─── EXERCISE MATERIAL ───

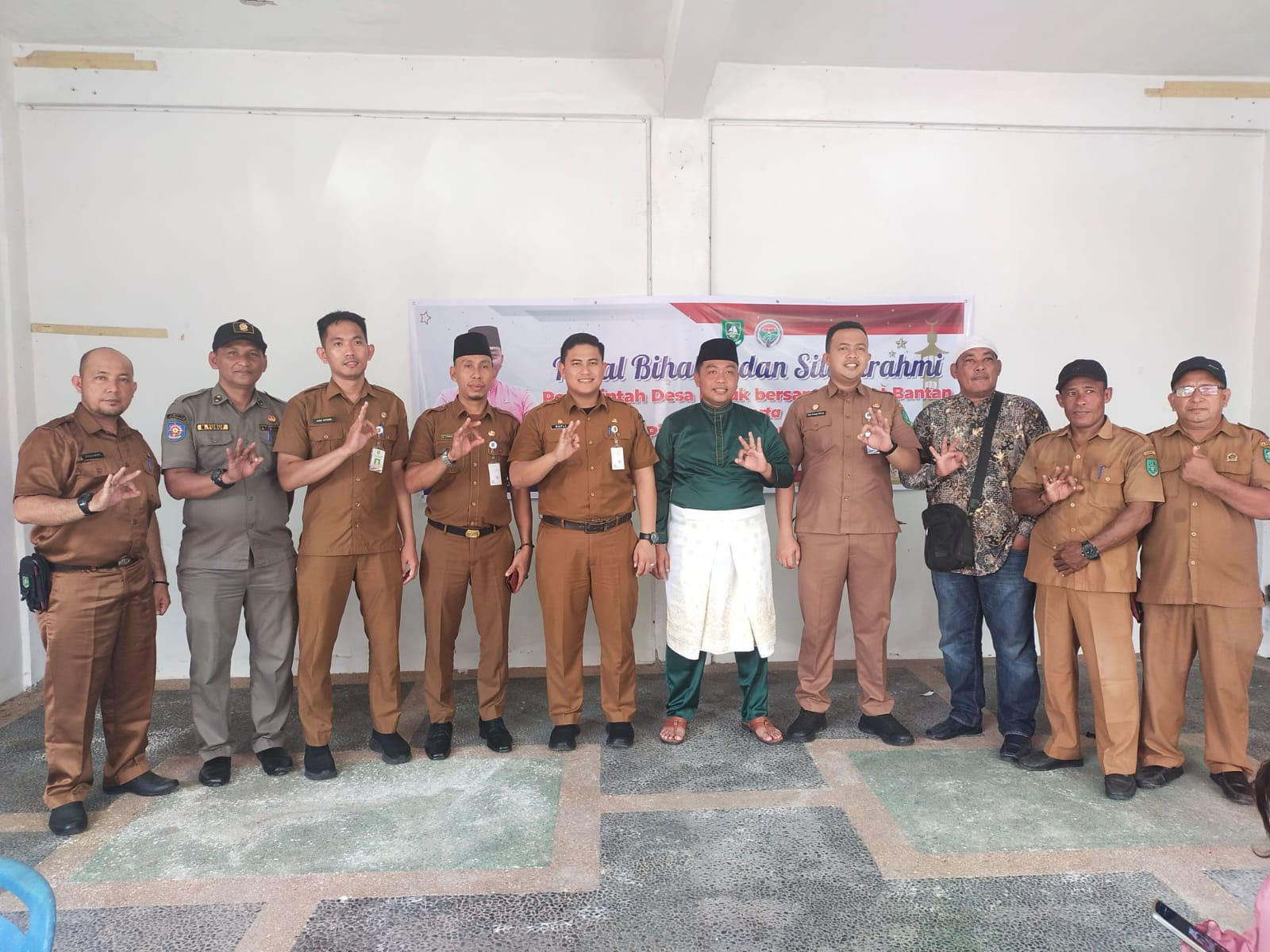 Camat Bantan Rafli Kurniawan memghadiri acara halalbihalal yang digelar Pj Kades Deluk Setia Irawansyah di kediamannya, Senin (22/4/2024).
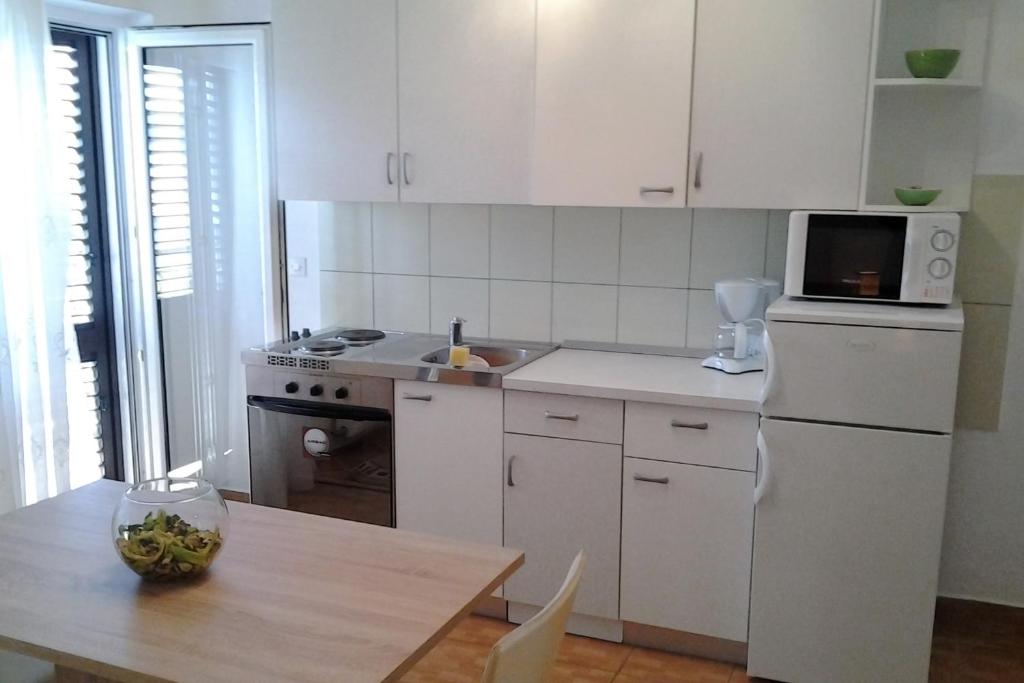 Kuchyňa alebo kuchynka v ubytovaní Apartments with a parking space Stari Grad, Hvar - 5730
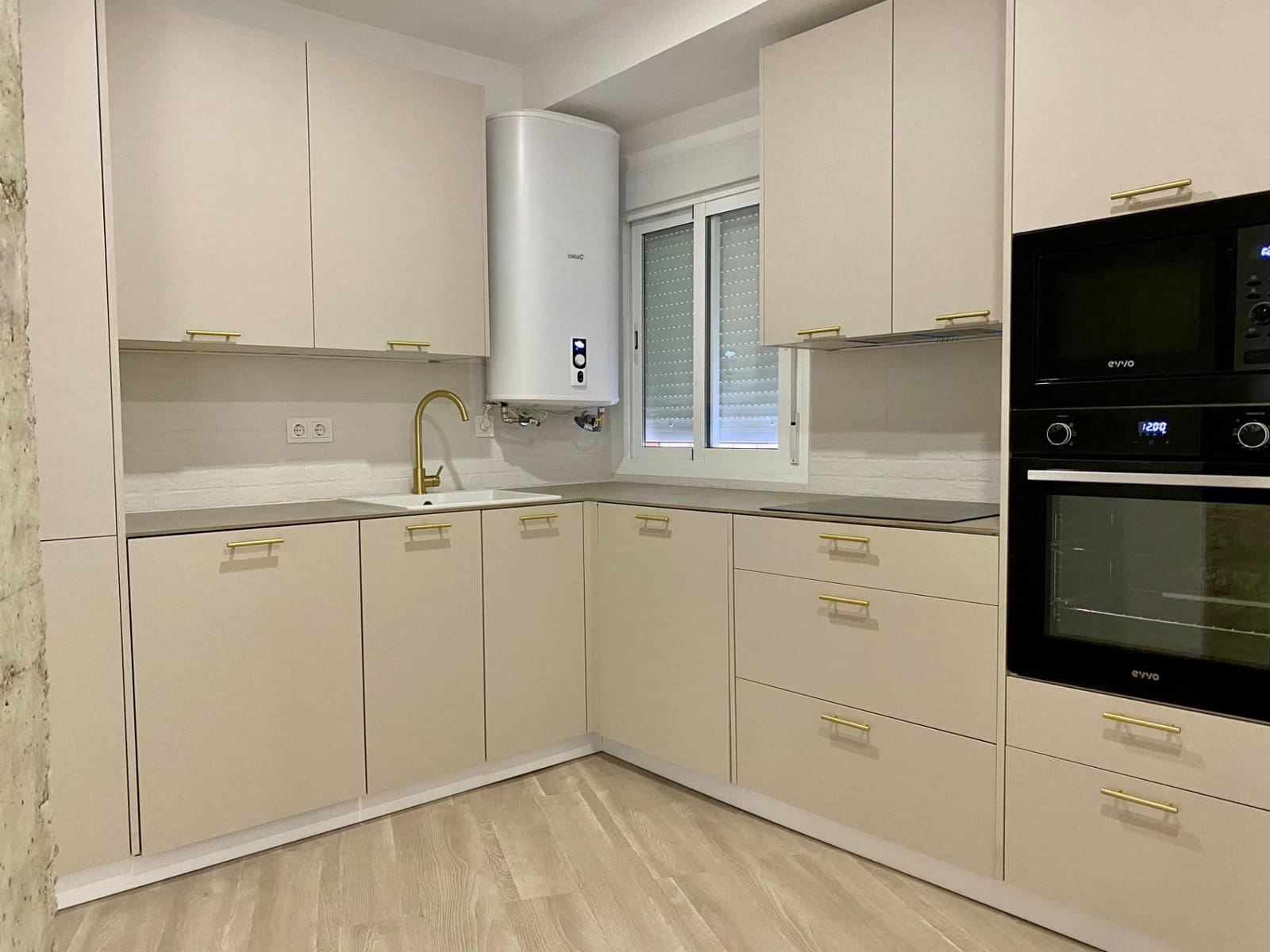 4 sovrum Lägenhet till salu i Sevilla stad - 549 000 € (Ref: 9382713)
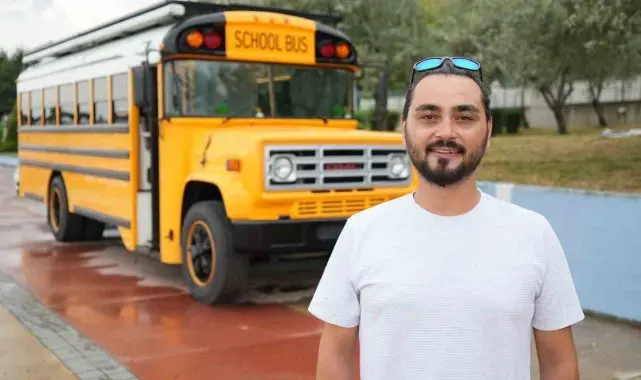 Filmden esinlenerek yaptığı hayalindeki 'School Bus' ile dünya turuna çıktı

───
─── EXERCISE MATERIAL ───

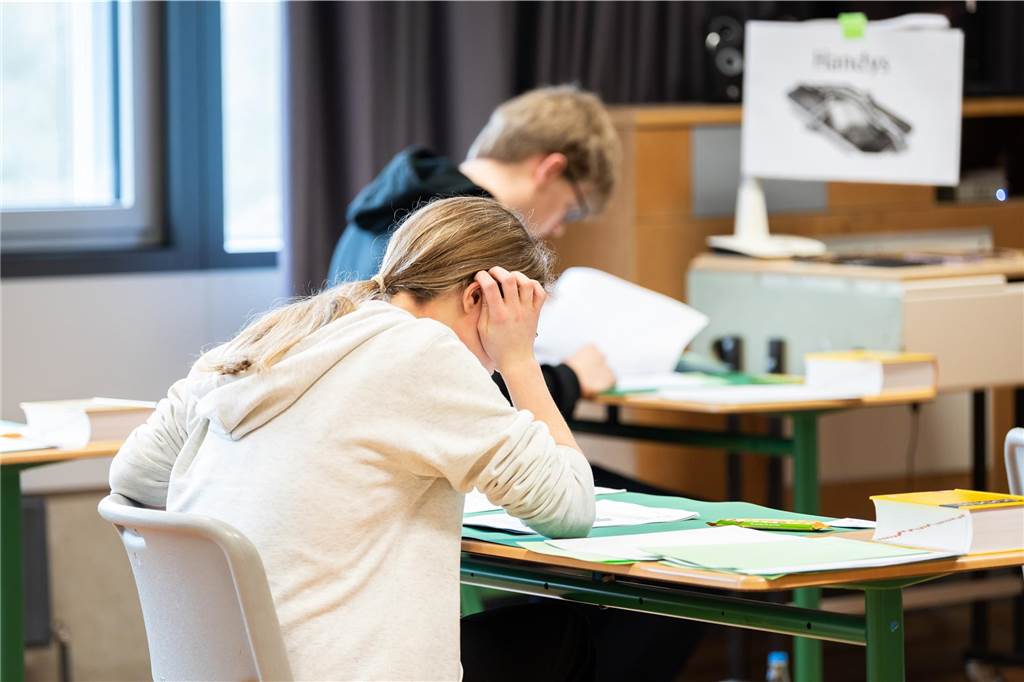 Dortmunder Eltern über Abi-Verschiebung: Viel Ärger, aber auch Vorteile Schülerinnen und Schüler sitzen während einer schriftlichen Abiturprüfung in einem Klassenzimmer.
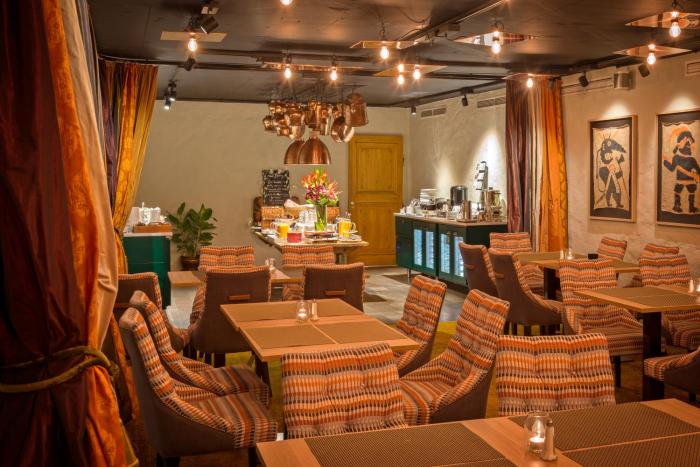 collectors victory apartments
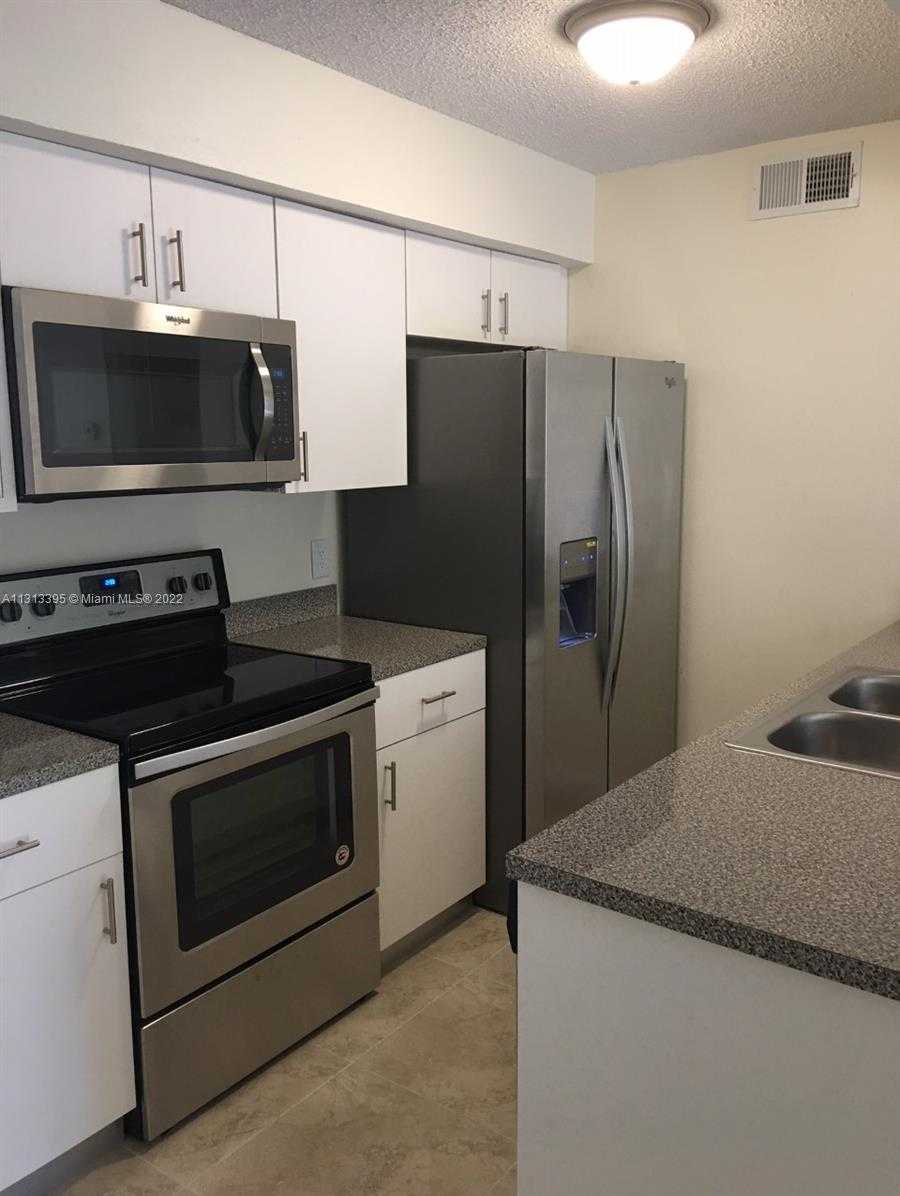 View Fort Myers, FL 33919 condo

───

--- TASK ITEM ---
Return exactly the lines above, from the one with "Camat Bantan Rafli" up to and including the one with "4 sovrum Lägenhet", and include no pictures.

--- SOLUTION FOR THIS EXERCISE ---
 Camat Bantan Rafli Kurniawan memghadiri acara halalbihalal yang digelar Pj Kades Deluk Setia Irawansyah di kediamannya, Senin (22/4/2024).
 Kuchyňa alebo kuchynka v ubytovaní Apartments with a parking space Stari Grad, Hvar - 5730
 4 sovrum Lägenhet till salu i Sevilla stad - 549 000 € (Ref: 9382713)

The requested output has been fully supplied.